● **ACTION ITEM**
What is needed is an exact copy of the records below, minus any pictures.

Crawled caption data
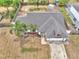 Aerial shot of a single-Gathering home highlighting the backyard's fencing and surrounding neighborhood at 2317 Clearwater Dr, Deltona, FL 32738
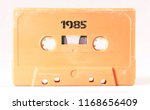 A vintage cassette tape from the 1980s era (obsolete music technology) labeled 1985 (my addition, not in the original image). Color: cream, sand. White background.
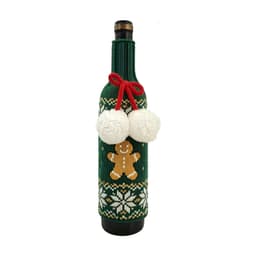 A drink bottle with a green knitted sleeve featuring a gingerbread man, white snowflakes, and pom-pom decorations.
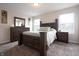 Spacious main bedroom with ample natural light, a large bed, and a dresser with a mirror at 3367 Rolling Knoll Ln, Columbus, IN 47201
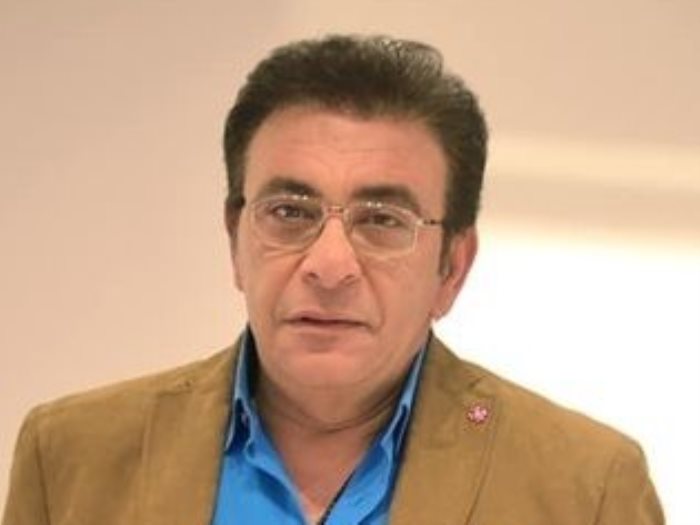 الإعلامي عاطف كامل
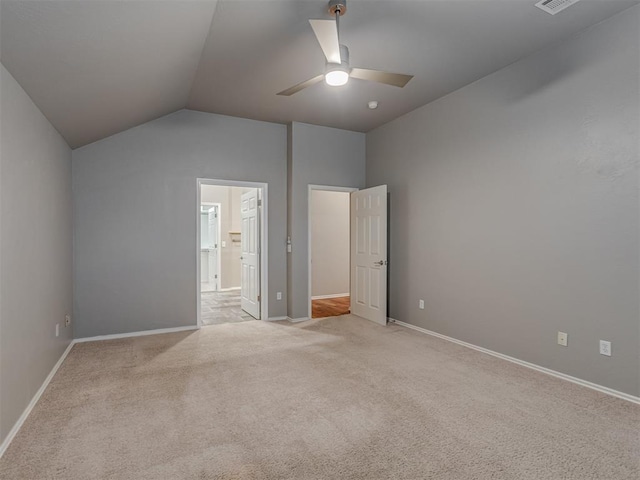 unfurnished bedroom featuring lofted ceiling, baseboards, ensuite bath, and light colored carpet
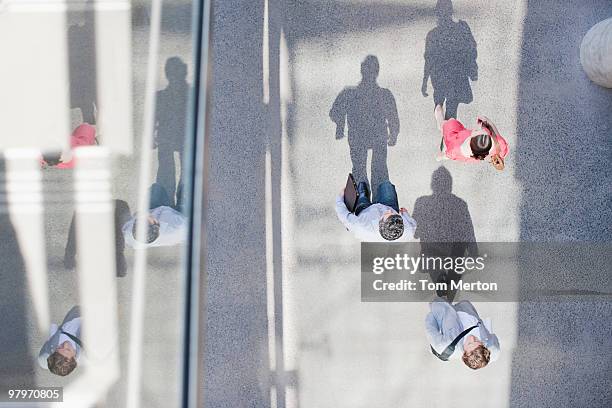 shadows of people walking from directly above - people walking overhead view stock pictures, royalty-free photos & images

● **ANSWER BOX**
 Aerial shot of a single-Gathering home highlighting the backyard's fencing and surrounding neighborhood at 2317 Clearwater Dr, Deltona, FL 32738
 A vintage cassette tape from the 1980s era (obsolete music technology) labeled 1985 (my addition, not in the original image). Color: cream, sand. White background.
 A drink bottle with a green knitted sleeve featuring a gingerbread man, white snowflakes, and pom-pom decorations.
 Spacious main bedroom with ample natural light, a large bed, and a dresser with a mirror at 3367 Rolling Knoll Ln, Columbus, IN 47201
 الإعلامي عاطف كامل
 unfurnished bedroom featuring lofted ceiling, baseboards, ensuite bath, and light colored carpet
 shadows of people walking from directly above - people walking overhead view stock pictures, royalty-free photos & images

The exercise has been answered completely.